In his "East Asia Anemometer" (an anemometer is a device for measuring wind speed) column for the Sankei Shimbun column of March 29, Takao Harakawa accused foreign correspondents based in Tokyo of harboring "blind belief" in the anti-Japanese propaganda being generated by China and South Korea. He bases this on his observations from a recent press conference that in his view descended into a "blame-Japan" fest.
China, he alleges, has ordered its embassies in various countries to engage in a worldwide campaign to criticize prime minister Abe for visiting Yasukuni Shrine last December. And South Korea recently went so far as to use the venue of an international comic exhibition to lambaste Japan over the sex-slave ("comfort women") issue.
These two neighboring countries' persistent efforts to discredit Japan, suggests Harakawa, may finally be starting to show results, as the press event held in mid-March at the Foreign Correspondents' Club of Japan in Yurakucho, Tokyo, turned into a one-sided affair.
The event was intended to publicize the activities by a delegation of Japanese legislators in local government assemblies who had visited Glendale, California to protest Korean lobbyists' installation of a statue of a comfort woman in a public park.
But when it came time for questions, Harakawa didn't like the tone of the reporters at all.
"During the war, Korean laborers worked in the coal mines in Oita prefecture. Do you think they were sent there forcibly or not?" was one question.
"We're not here today to discuss laborers, this is a press conference about 'sex slaves,'" replied Yoshiko Matsuura, a councilor in the Suginami assembly, in an attempt to deflect his question.

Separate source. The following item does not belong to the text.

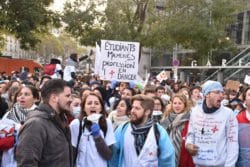 Les ESI étudiants en soins infirmiers en première ligne, lors de la manifestation unitaire du 8 novembre 2016 à l'appel de 17 organisations infirmières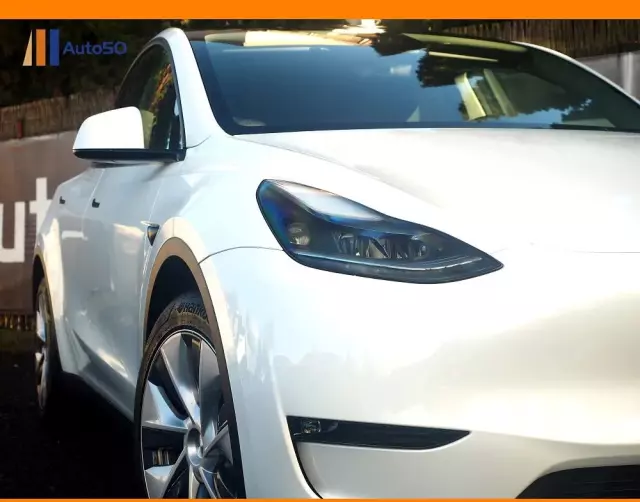TESLA Y Long Range AWD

Matsuura pointed out that the 1993 "Kono Statement" apologizing to the sex slaves was based on "completely vague testimony, and also noted that as a result of the controversy there, Japanese children residing in Glendale had been subjected to "bullying and harassment" by Korean children.
"The statue of the 'comfort woman' erected in Glendale will leave a huge bill to be paid in the future," she warned.
The questions fired back by the correspondents in attendance, however, were "conspicuous in the way they were either based on insufficient understanding or bias."
Another correspondent's remarks that "You're saying that the 'sex slaves' are a fabrication, but as opposed to merely making that statement, how many facts are there to support it? Presently Japan is continuing to lose sympathy throughout the world," is given as another example.
Tomoko Tsujimura, a member of the Komae City assembly who also attended the gathering, was quoted as saying "Since the Japanese government is not completely responding [to the allegations], Japan's position is being outweighed by propaganda from South Korea, and I feel the foundations have been laid for many members of the foreign media to harbor feelings of disgust toward Japan."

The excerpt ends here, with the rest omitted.